* [Task prompt]: An exact transcription is needed of the lines below from the one with "vintage jeans men" through the one with "Boho Maxi Dress", with no other lines and no pictures.

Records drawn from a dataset
►

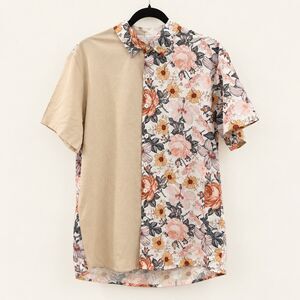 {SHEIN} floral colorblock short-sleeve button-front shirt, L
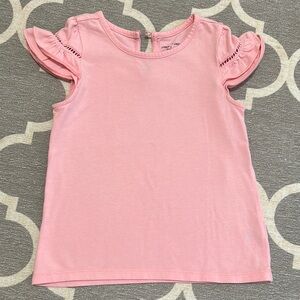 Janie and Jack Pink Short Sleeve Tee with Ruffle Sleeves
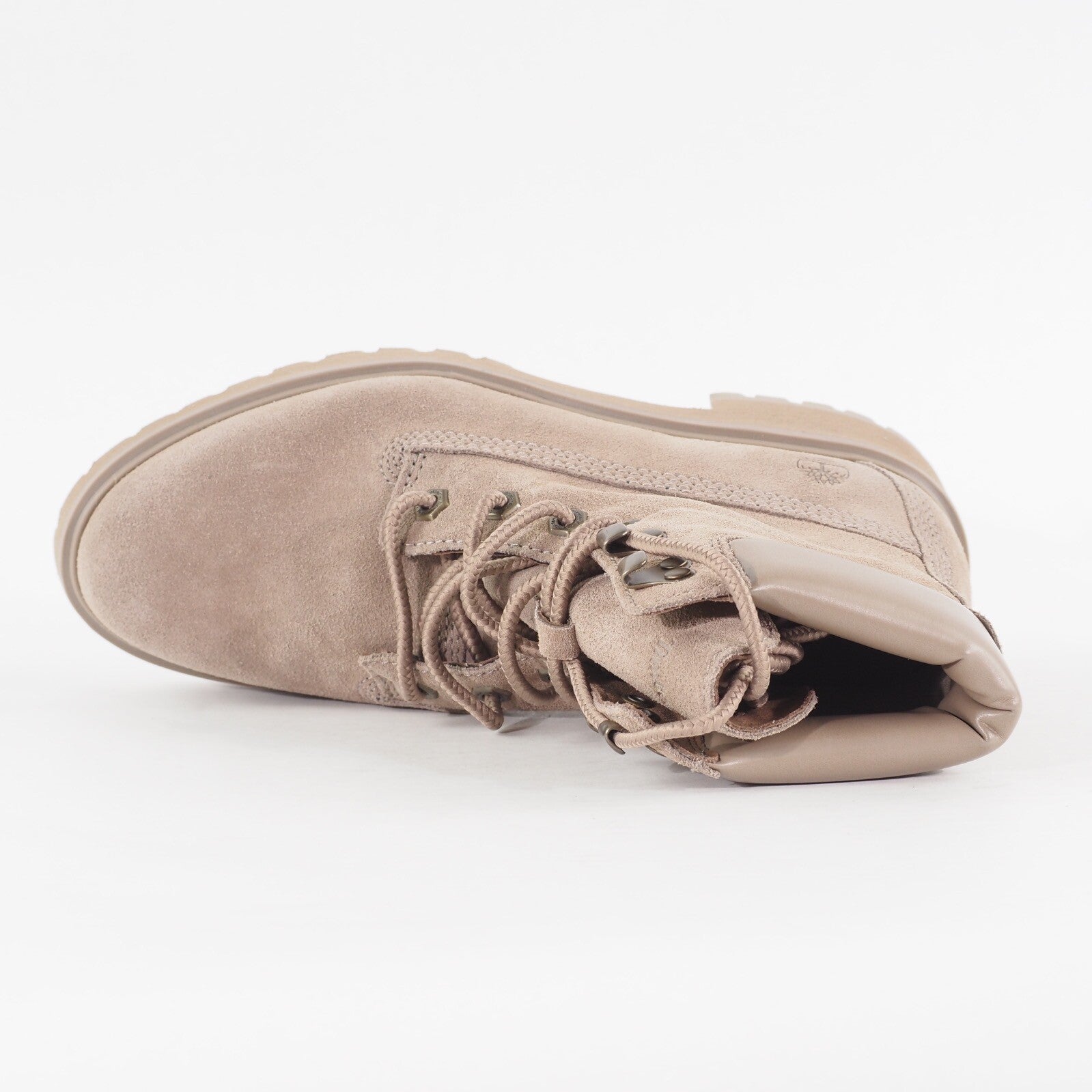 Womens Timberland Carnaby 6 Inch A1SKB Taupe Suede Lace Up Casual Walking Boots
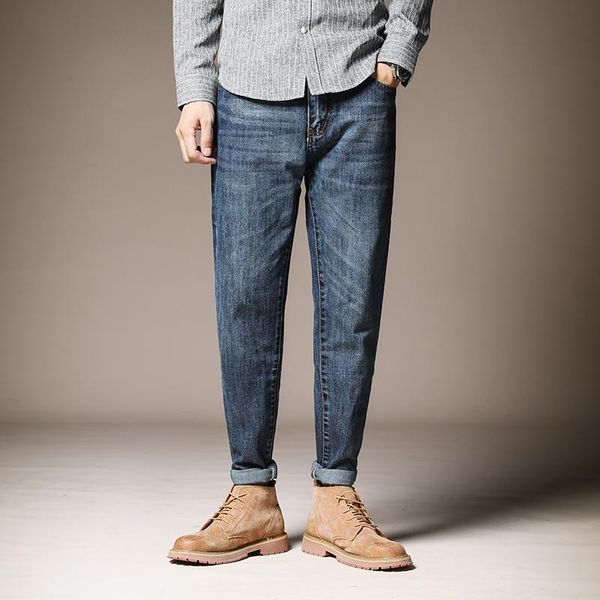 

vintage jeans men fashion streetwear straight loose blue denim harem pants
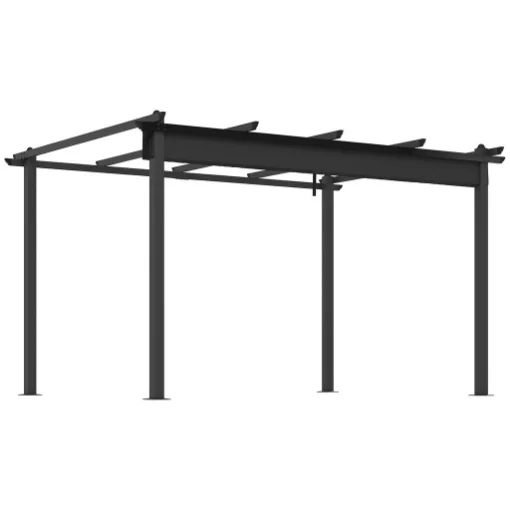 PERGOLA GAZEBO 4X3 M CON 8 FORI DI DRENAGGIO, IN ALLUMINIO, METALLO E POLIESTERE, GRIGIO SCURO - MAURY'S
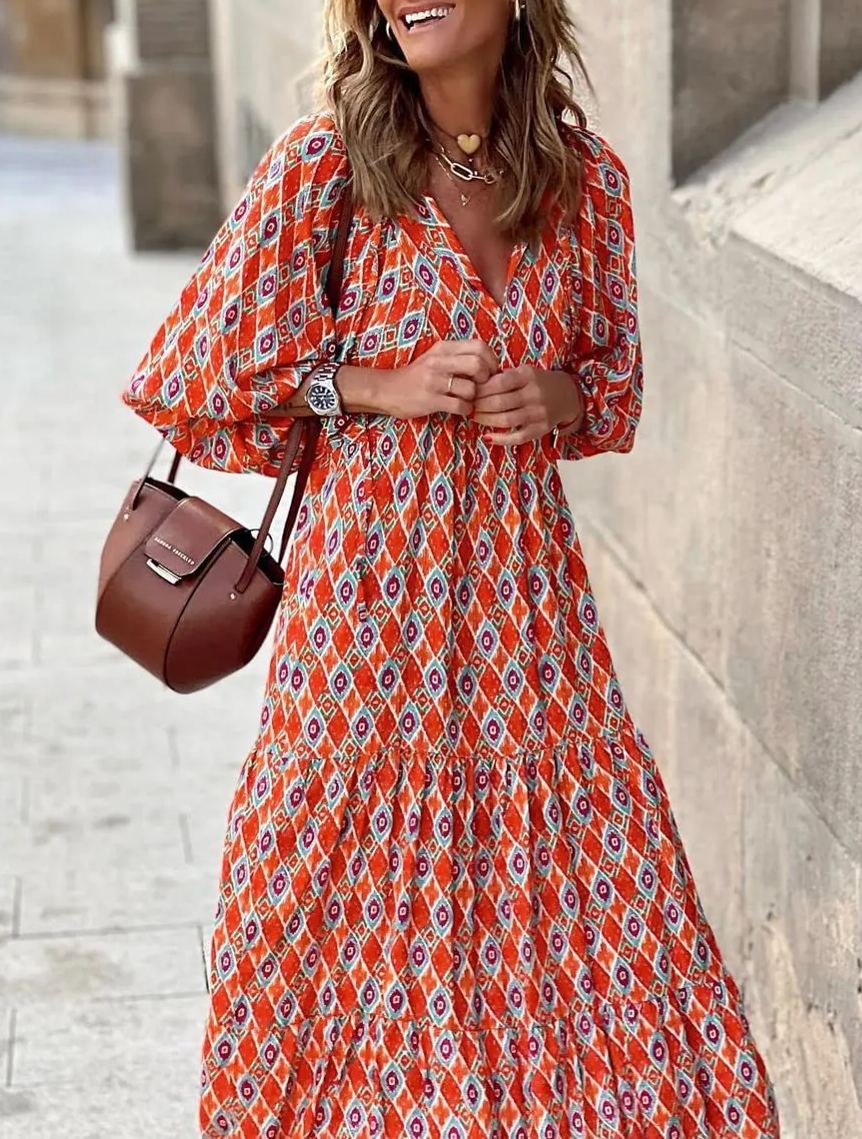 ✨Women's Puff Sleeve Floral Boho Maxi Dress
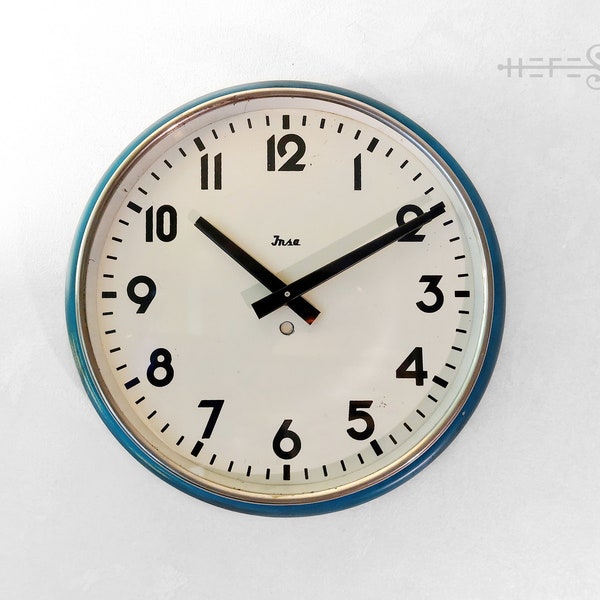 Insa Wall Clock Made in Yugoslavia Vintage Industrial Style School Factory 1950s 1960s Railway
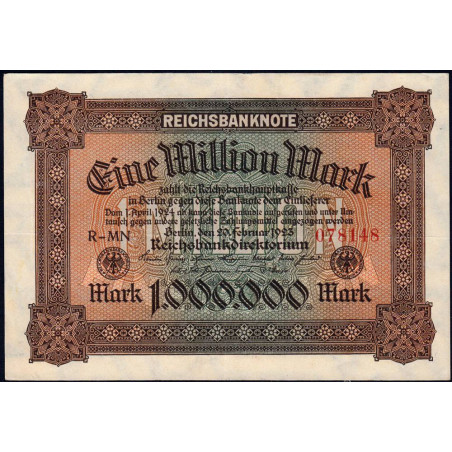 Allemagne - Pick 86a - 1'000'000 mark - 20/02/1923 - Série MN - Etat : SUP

◄

* [Response below]:
vintage jeans men fashion streetwear straight loose blue denim harem pants
 PERGOLA GAZEBO 4X3 M CON 8 FORI DI DRENAGGIO, IN ALLUMINIO, METALLO E POLIESTERE, GRIGIO SCURO - MAURY'S
 ✨Women's Puff Sleeve Floral Boho Maxi Dress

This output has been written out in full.